Motion Signal-based Recognition of Human Activity from Video Stream
Dataset Using Deep Learning Approach

Ram Kumar      Yadav; Daniel      Arockiam; Vijay      Bhaskar Semwal

doi:10.2174/0126662558278156231231063935

Abstract

Background: Human physical activity recognition is challenging in various research eras, such as healthcare, surveillance, senior monitoring, athletics, and rehabilitation. The use of various sensors has attracted outstanding research attention due to the implementation of machine learning and deep learning approaches.

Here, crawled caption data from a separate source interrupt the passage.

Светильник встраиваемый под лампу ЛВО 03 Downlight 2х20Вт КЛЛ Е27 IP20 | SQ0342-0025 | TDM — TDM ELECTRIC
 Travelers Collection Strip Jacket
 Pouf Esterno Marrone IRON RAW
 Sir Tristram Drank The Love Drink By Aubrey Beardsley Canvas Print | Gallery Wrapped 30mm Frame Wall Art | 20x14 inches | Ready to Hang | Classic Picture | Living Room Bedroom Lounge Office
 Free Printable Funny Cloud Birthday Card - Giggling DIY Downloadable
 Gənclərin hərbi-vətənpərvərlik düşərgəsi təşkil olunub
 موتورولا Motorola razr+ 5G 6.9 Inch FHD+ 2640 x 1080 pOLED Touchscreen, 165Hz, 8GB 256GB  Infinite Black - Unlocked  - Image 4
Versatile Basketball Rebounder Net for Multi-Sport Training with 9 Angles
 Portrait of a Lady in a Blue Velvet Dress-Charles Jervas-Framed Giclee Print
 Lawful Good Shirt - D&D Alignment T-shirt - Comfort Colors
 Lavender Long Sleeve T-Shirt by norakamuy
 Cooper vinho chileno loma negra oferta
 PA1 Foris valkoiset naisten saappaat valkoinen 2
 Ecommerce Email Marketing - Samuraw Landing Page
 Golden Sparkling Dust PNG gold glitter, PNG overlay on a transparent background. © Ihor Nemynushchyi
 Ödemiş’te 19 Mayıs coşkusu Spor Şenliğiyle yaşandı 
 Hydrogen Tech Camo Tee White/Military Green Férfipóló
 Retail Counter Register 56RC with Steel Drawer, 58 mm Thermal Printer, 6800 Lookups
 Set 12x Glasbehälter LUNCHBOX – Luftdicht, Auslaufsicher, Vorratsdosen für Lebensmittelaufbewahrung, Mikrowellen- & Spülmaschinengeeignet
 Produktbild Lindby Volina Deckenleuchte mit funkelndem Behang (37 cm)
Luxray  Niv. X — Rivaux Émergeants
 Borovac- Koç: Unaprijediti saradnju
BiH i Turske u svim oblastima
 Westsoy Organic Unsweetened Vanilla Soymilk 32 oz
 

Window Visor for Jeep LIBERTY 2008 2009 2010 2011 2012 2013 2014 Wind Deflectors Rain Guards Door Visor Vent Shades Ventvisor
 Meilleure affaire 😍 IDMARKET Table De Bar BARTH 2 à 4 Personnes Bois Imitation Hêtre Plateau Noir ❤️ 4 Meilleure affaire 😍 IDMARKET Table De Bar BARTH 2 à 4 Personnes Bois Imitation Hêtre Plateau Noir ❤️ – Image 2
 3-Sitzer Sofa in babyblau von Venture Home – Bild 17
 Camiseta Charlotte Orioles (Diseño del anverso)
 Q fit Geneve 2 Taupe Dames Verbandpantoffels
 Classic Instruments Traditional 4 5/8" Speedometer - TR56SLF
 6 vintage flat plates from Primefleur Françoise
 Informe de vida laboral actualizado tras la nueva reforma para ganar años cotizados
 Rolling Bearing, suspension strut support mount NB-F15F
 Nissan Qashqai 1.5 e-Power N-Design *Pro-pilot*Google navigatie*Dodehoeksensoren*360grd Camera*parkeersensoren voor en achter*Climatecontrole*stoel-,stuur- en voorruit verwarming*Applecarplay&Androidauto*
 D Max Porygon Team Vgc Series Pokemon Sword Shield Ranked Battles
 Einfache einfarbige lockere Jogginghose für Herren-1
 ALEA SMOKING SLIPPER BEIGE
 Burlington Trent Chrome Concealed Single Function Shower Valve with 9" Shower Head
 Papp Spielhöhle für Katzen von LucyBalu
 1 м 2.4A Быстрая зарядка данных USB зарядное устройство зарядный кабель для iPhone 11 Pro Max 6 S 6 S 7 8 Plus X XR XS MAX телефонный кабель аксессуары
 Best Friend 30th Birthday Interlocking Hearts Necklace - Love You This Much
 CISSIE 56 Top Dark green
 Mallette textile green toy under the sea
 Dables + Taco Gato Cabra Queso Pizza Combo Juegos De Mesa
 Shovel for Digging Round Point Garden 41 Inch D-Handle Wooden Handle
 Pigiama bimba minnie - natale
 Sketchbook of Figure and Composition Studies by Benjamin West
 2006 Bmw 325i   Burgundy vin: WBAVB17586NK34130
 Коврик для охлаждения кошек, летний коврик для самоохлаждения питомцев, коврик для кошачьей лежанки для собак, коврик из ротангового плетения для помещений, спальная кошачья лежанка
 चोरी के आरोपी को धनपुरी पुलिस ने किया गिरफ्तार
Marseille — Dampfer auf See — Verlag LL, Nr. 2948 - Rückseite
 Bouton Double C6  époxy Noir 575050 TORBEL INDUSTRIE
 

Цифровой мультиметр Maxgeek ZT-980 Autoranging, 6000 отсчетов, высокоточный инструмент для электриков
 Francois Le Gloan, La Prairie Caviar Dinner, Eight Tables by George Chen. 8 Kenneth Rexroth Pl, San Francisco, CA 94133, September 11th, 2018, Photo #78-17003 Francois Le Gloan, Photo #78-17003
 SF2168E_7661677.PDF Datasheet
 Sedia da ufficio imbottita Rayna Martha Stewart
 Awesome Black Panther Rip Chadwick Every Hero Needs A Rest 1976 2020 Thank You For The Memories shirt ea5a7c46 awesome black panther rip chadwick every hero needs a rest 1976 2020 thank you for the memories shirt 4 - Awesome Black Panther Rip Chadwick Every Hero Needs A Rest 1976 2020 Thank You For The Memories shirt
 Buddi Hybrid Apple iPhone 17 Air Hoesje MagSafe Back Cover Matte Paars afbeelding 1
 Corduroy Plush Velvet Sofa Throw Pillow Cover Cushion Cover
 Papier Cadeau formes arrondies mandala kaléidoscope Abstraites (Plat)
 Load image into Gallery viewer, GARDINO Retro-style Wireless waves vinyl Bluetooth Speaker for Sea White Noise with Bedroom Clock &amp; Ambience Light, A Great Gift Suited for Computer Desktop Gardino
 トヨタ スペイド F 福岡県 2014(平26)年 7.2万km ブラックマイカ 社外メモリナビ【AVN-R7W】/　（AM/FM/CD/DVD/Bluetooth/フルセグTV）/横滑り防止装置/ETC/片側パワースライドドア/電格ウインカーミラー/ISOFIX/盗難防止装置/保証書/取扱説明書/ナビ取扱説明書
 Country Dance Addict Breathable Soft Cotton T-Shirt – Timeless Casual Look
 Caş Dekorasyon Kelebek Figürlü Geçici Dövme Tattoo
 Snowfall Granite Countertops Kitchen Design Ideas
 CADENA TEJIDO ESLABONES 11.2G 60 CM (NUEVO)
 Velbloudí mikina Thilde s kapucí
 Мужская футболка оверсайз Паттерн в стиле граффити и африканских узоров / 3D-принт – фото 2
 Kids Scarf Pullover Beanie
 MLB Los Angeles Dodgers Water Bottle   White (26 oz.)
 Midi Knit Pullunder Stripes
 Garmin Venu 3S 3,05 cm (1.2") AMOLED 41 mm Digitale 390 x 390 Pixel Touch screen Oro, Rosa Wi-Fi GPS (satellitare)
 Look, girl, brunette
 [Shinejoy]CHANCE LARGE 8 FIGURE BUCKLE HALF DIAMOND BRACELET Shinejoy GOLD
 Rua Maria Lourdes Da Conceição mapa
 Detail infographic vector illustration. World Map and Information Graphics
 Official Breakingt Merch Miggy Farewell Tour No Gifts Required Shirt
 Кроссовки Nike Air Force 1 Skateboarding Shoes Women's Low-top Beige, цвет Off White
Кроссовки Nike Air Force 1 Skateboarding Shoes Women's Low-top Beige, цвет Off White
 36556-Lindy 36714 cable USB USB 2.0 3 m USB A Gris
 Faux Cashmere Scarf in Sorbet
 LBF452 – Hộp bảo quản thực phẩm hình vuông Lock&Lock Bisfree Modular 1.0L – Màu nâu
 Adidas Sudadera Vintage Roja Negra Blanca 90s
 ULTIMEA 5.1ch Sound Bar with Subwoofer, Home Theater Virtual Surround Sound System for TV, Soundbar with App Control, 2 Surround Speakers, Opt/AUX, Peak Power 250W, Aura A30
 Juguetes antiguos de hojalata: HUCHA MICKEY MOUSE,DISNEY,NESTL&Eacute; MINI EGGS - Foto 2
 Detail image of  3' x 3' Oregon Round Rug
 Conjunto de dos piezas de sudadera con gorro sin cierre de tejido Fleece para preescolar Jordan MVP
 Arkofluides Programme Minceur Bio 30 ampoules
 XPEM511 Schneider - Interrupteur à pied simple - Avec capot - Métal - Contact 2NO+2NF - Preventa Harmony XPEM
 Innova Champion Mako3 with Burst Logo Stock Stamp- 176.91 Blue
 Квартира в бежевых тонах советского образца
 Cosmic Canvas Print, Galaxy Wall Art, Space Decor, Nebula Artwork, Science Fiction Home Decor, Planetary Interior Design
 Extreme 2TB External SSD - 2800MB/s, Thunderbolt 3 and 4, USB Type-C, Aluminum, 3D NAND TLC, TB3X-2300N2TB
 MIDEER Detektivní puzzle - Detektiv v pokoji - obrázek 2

Aim: This paper proposes a unique deep learning framework based on motion signals to recognize human activity to handle these constraints and challenges through deep learning (e.g., enhance CNN, LR, RF, DT, KNN, and SVM) approaches.

Method: This research article uses the BML (Biological Motion Library) dataset gathered from thirty volunteers with four various activities to analyze the performance metrics. It compares the evaluated results with existing results, which are found by machine learning and deep learning methods to identify human activity.

Result: This framework was successfully investigated with the help of laboratory metrics with convolutional neural networks (CNN) and achieved 89.0% accuracy compared to machine learning methods.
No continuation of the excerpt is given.